Not for this. And the PMV is too important to me for me to do anything that might, well . . . cheapen it, if you'll forgive my choice of words. It . . . wouldn't be right."

  "Dame Honor, you are an unnatural woman," Elizabeth III said severely, unaware her cousin had used exactly the same words. "Or perhaps you're not. Perhaps I've simply spent too much time surrounded by politicians and power mongers. But I doubt very much that there are two women in the Star Kingdom who would turn down the PMV when both her Queen and her Prime Minister insist she take it." She snorted. "Of course, it might be wiser for me not to bet any money on that belief. After all, up until last month, I would've said there wasn't one woman who'd turn it down!"

  "Your Maj—"

  "It's all right, Dame Honor." Elizabeth sighed, waving a hand. "You win. We can hardly march you out into the Crown Chancellery at pulser point and make you accept it. Think of what a PR disaster that would be! But you do realize that if you persist in turning down the PMV we're not going to let you overturn our other plans, don't you?"

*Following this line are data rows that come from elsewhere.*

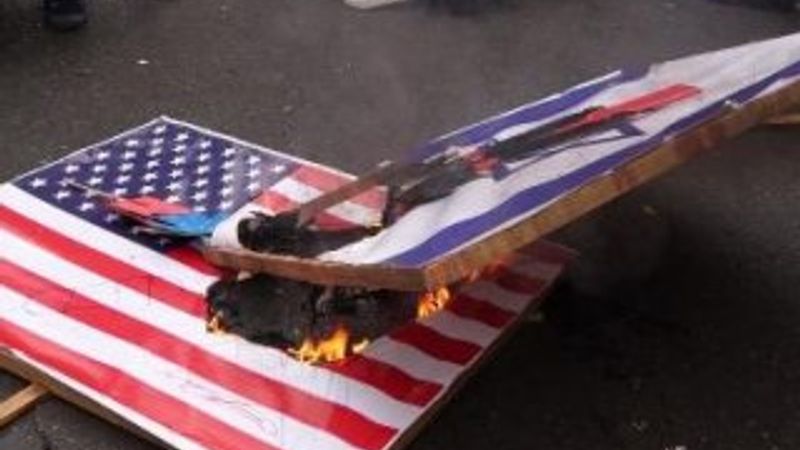 İran'da ABD bayrağı yakıldı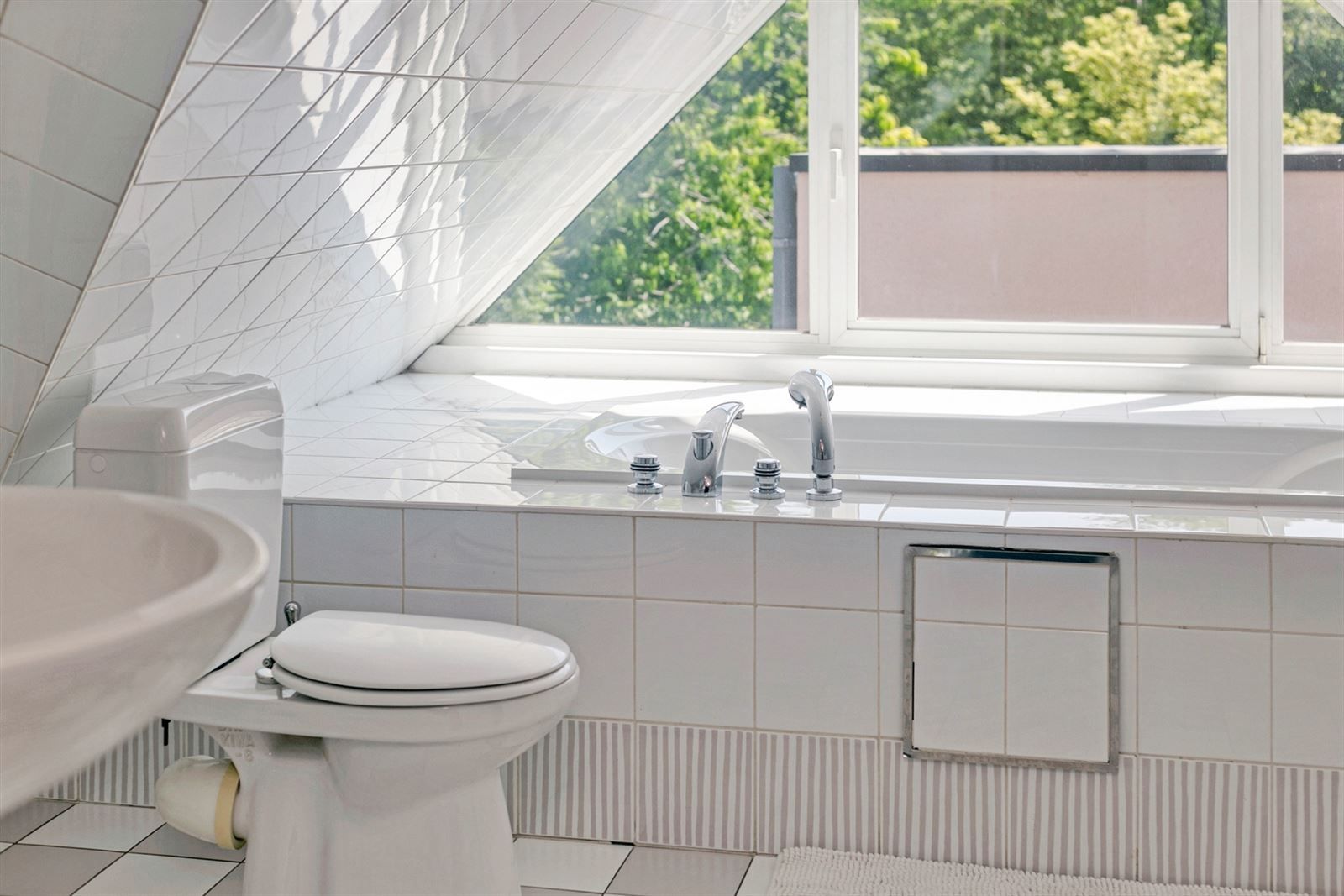 Uniek dakappartement met Scheldezicht! foto 11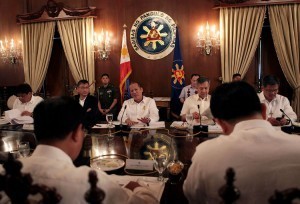 Aquino leads 12th Cabinet meeting, discusses 2013 national budget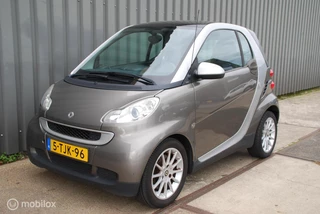 Hoofdafbeelding smart Fortwo Smart fortwo coupé 1.0 Passion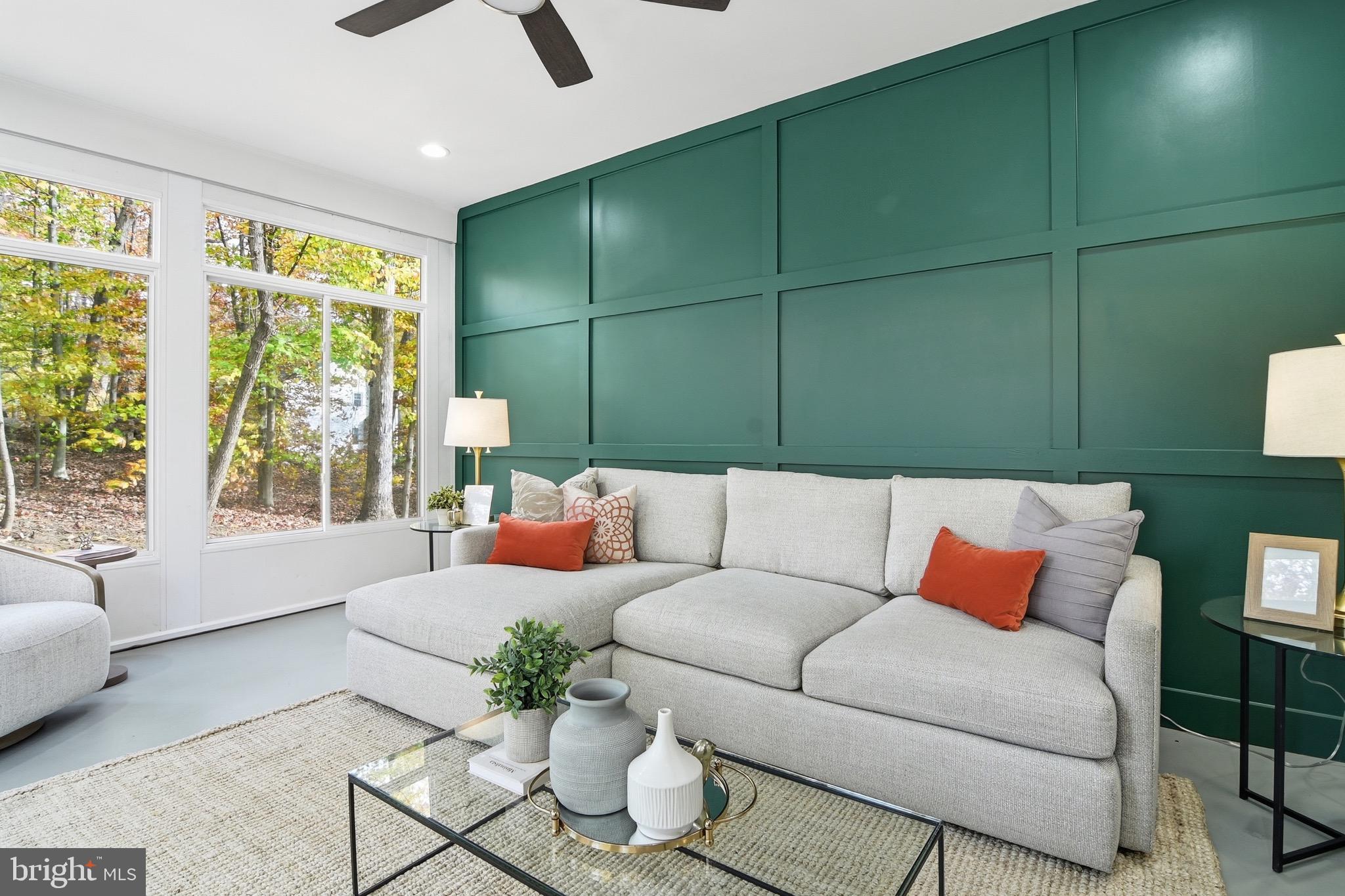 FAIRFAX STATION - Residential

  "Other plans?" Honor repeated cautiously, and Elizabeth grinned like a treecat in a celery patch.

  "Nothing too complicated," she reassured her guest. "It's just that, as I explained, my slap on the Opposition's wrist over your exclusion from the Lords lost much of its point when you turned up alive. So since I was the one who took your title away, I thought I should be the one to replace it . . . and—" her eyes glittered "—give those self-serving cretins a kick in the ass they'll be years recovering from!"

  "I don't understand, Your Majesty," Honor said, and her tone showed true alarm for the first time. There was too much glee in the Queen's emotions, too great a sense of having found a way to simultaneously drub the Opposition and mousetrap Honor into accepting what Elizabeth clearly considered to be her "due."

  "As I said, it's not complicated." Elizabeth's 'catlike grin intensified. "You're no longer Countess Harrington, and now that I've become more familiar with Grayson, I realize that creating you that in the first place was really a bit inappropriate, considering the difference in the precedence of a countess and a steadholder. Protector Benjamin has never complained about the unintentional insult we offered one of his great nobles by equating the two titles, but I'd be surprised if he doesn't harbor at least a little resentment over it, and it's never a good idea to risk potential friction with one's allies in the middle of a war. So I've decided to correct my original error."